‘ORO NERO’ LUNGO IL
MEKONG:
UN ‘AFFARE’ CINESE A
RISCHIO TERZI
Altre due tanker cinesi hanno trasferito nello Yunnan
attraverso il Mekong 9.000 tonnellate di petrolio mediorientale raffinato
presso lo scalo thailandese di Chiang Rai: un’ escamotage attuato – come riferisce l’agenzia Xinhua – “per assicurare i rifornimenti alle aree
industriali dello Yunnan e delle province sud occidentali cinesi, senza dovere
correre il rischio di perdere carichi nello Stretto di Malacca ormai infestato
dai pirati”. Secondo le più recenti stime, la Cina importerebbe annualmente
circa 140 milioni di tonnellate di petrolio mediorientale, il 75% del quale
attraverso lo Stretto di Malacca, un tratto di mare che, oltre alla presenza di
numerose flottiglie ‘pirata’, potrebbe un domani risultare ancora più
pericoloso, soprattutto “nel caso di un conflitto con gli Stati Uniti”. Di qui
l'idea di utilizzare l’ampio corso del Mekong che nasce nel Tibet e
attraversa lo Yunnan per poi scorrere per ben 4.880 chilometri
lungo i confini del Myanmar, del Laos e della Thailandia, sfociando - dopo
avere bagnato Cambogia e Vietnam - nel Mar Cinese Meridionale. Attualmente, non
meno di 60 milioni di persone vivono lungo le sponde del fiume dal quale esse
dipendono per l’approvvigionamento idrico, per i trasporti e per la pesca. In
passato la Cina ha tentato più volte di sfruttare economicamente e
unilateralmente questa via, progettando dighe e di impianti idroelettrici lungo
il suo alto corso, provocando violente proteste da parte di Thailandia,
Cambogia e Vietnam, timorosi di vedere eccessivamente ‘manipolato’ o ‘impoverito’ l’importante fiume. Tra una lite
e l’altra, Pechino è riuscita a costruire due sole dighe che, tuttavia, hanno
già ridotto sensibilmente la portata del Mekong, soprattutto durante la
stagione secca. Nel 2004, la Cina ha reso navigabile la parte di fiume posta in
suo territorio, e nel marzo 2006, è riuscita ad ottenere da Myanmar, Laos e
Thailandia il permesso di trasportare
mensilmente, tramite tanker fluviali, un minimo di 1.200 tonnellate di petrolio
raffinato. Ma non è tutto. Lo scorso mese di dicembre, uno dei responsabili del
ministero della Marina cinese, Qiao Xinmin, ha annunciato di volere
incrementare le spedizioni annue di greggio raffinato a 70.000 tonnellate:
progetto che ha messo in allarme diverse associazioni ambientalistiche.

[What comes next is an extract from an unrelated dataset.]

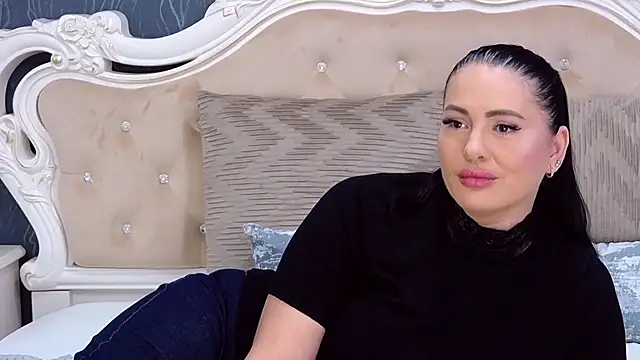 Lauren_Saint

Premrudee Daoroung, direttore della Towards
Ecological Recovery and Regional Alliance di Bangkok, ha osservato
che l’accordo tra Pechino, Myanmar, Laos e Thailandia, “è stato siglato in
segreto, senza preoccuparsi dell’opinione degli abitanti che vivono lungo il
fiume: una decisione che fa ben comprendere chi in realtà detenga il totale controllo
sul Mekong e sulle sue risorse naturali (la fauna ittica, soprattutto),
patrimonio da sacrificare in nome degli interessi economici cinesi e di quelli
degli altri governi della regione”. L’elevato rischio di possibili perdite di
greggio a parte delle tanker cinesi ha allarmato anche Chainarong Srettachau,
direttore della thailandese Southeast
Asia Rivers Network. “Se, disgraziatamente, una petroliera dovesse
affondare o subire una perdita, il suo carico si disperderebbe con rapidità a
valle del fiume, provocando danni enormi e irreparabili”.